Buckhead is an at-grade subway station that serves the Red Line of the Metropolitan Atlanta Rapid Transit Authority (MARTA) rail system. This station is the first station only served by the Red Line. It is located in the Buckhead neighborhood in the median of State Route 400, a limited access highway, at Peachtree Road/State Route 141. The station is in easy walking distance of many offices, hotels and shopping centers, including Lenox Square, although the Lenox MARTA station provides easier access to the mall. The buc, a zero-fare bus service, also provides transportation to the surrounding area. The Buckhead Station also features Zipcars.

==Station layout==
| G | Street Level | Entrance/Exit, crossover to street |
| P Platform level | Southbound | ← Red Line toward Airport (nights toward Lindbergh Center) |
Island platform, doors will open on the left
| Northbound | Red Line toward North Springs (Medical Center) → | |

==History==
Buckhead was opened on June 8, 1996, the same day as Medical Center and Dunwoody. When State Route 400 was being constructed south of the perimeter in 1993, space was left that allowed track to be laid in the median from Buckhead all the way to Medical Center.

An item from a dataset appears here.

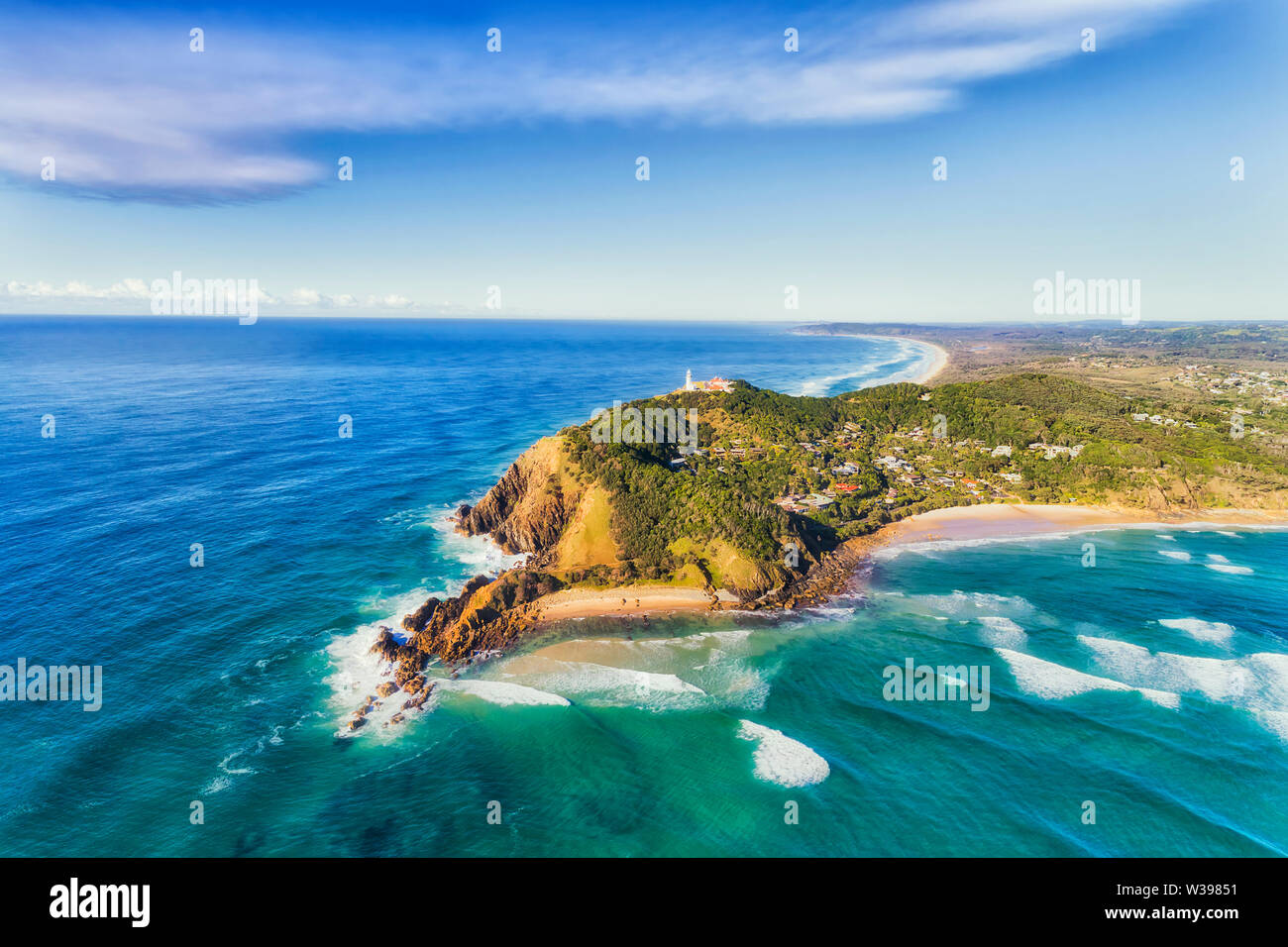 Byron Bay lighthouse high on the rocky headland - the most eastern point of Australian continent facing Pacific ocean in elevated aerial seascape abov Stock Photo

In 2014, new pedestrian bridges were built across both sides of State Route 400, allowing better access to the Stratford on the east and Tower Place on the west.

==Nearby landmarks and popular destinations==
- Atlanta Financial Center
- Capital City Plaza
- Buckhead Business District
- Buckhead Station Shopping Center
- Phipps Plaza
- Lenox Square

==Bus routes==
Buckhead station is served by the following MARTA bus routes:
- Route 110 - Peachtree Road / Buckhead
The station is also served by The Buc, a microtransit service.